Al funerale laico celebrato ieri a Montecitorio (nove oratori, scelti dalla famiglia) erano presenti tutte le Istituzioni e di quasi tutte nella sua lunghissima parabola politica è stato rappresentante eminente. Ma il popolo no: non c’era sia quello che un tempo salutava con i lucciconi agli occhi i dirigenti del partito scomparsi, da Togliatti a Berlinguer, ma anche quello che più recentemente si era commosso al funerale di Pietro Ingrao. I tempi sono cambiati ma è pur vero che Re Giorgio è sempre stato uomo delle Istituzioni, mai della piazza. "La politica per lui richiedeva analisi, ascolto, discussione, decisione, assunzione di responsabilità. Non sopportava la demagogia, lo spirito di fazione", sottolinea ancora il figlio Giulio. E parte da qui, Gianni Letta per raccontare un altro pezzo della storia: la convivenza "non sempre facile" tra il Presidente emerito e Silvio Berlusconi. Gli bastano dieci minuti per seppellire la teoria di quel golpe bianco che, a fine 2011, avrebbe portato alle dimissioni di Berlusconi premier, con il suo placet e all’avvio del governo tecnico di Mario Monti. "Certamente non intese mai il ruolo di presidente della Repubblica in modo notarile, ma non venne mai meno al rigoroso rispetto delle forme e dei limiti fissati dalla Costituzione", insiste Letta. Molti forzisti non la pensano così, eppure anche il presidente del Senato, Ignazio La Russa, porta un altro tassello al puzzle: "Napolitano ha guidato la Nazione riconoscendosi nei valori che sono le fondamenta della nostra Carta fondamentale". Che poi: alcuni leggono nell’elogio fatto dal gran Ciambellano azzurro del "bipolarismo mite" raffigurato dalla stretta di mano tra i due cordiali avversari nel ’94 durante il dibattito sulla fiducia al primo governo Berlusconi una bacchettata all’attuale maggioranza che con l’opposizione ha rapporti conflittuali. E certo l’esitazione di Giorgia Meloni & co. ad unirsi all’applauso al termine del rito non migliora la situazione. Smagliante la concluse di Letta, sgradita a sinistra: "Mi piace immaginare che incontrandosi lassù possano dirsi quello che non si dissero quaggiù e, placate le polemiche, possano chiarirsi e ritrovarsi nella luce".

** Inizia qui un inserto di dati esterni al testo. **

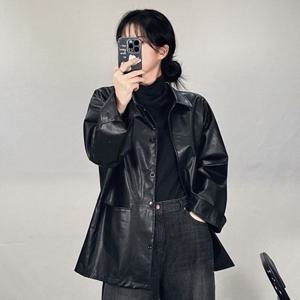 오버핏 레더 가죽 자켓 재킷 블레이저 얇은 레자 아우터 루즈핏 남방 셔츠 가죽자켓 점퍼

A chiarire invece il ’sospeso’ nel partito in cui Napolitano "il migliorista" è sempre stato in minoranza (salvo esercitare un condizionamento incisivo una volta asceso al Colle), è Anna Finocchiaro. Colei che guidava i senatori del Pd quando Re Giorgio è asceso al Quirinale riconosce il ruolo determinante da lui svolto nel percorso che ha portato "l’ex Pci ad un’adesione convinta alla socialdemocrazia". Tocca al commissario Ue, Paolo Gentiloni esaltare il suo "europeismo, ma anche l’atlantismo ante-litteram", mentre il presidente emerito della Consulta, Giuliano Amato, ne ricorda "il tormento di fronte ai fatti di Budapest del ‘56 e di Praga nel ‘68 che lo portarono a dedicarsi alla difficile impresa di far prevalere nel Pci le altre ragioni comuni che pure c’erano".

Il cardinale Gianfranco Ravasi chiude la celebrazione aperta dal presidente della Camera, Lorenzo Fontana, raccontando il rapporto spirituale con "l’uomo di altissima cultura" che leggeva Thomas Mann e riteneva l’Ave verum di Mozart musica di "bellezza ultraterrena".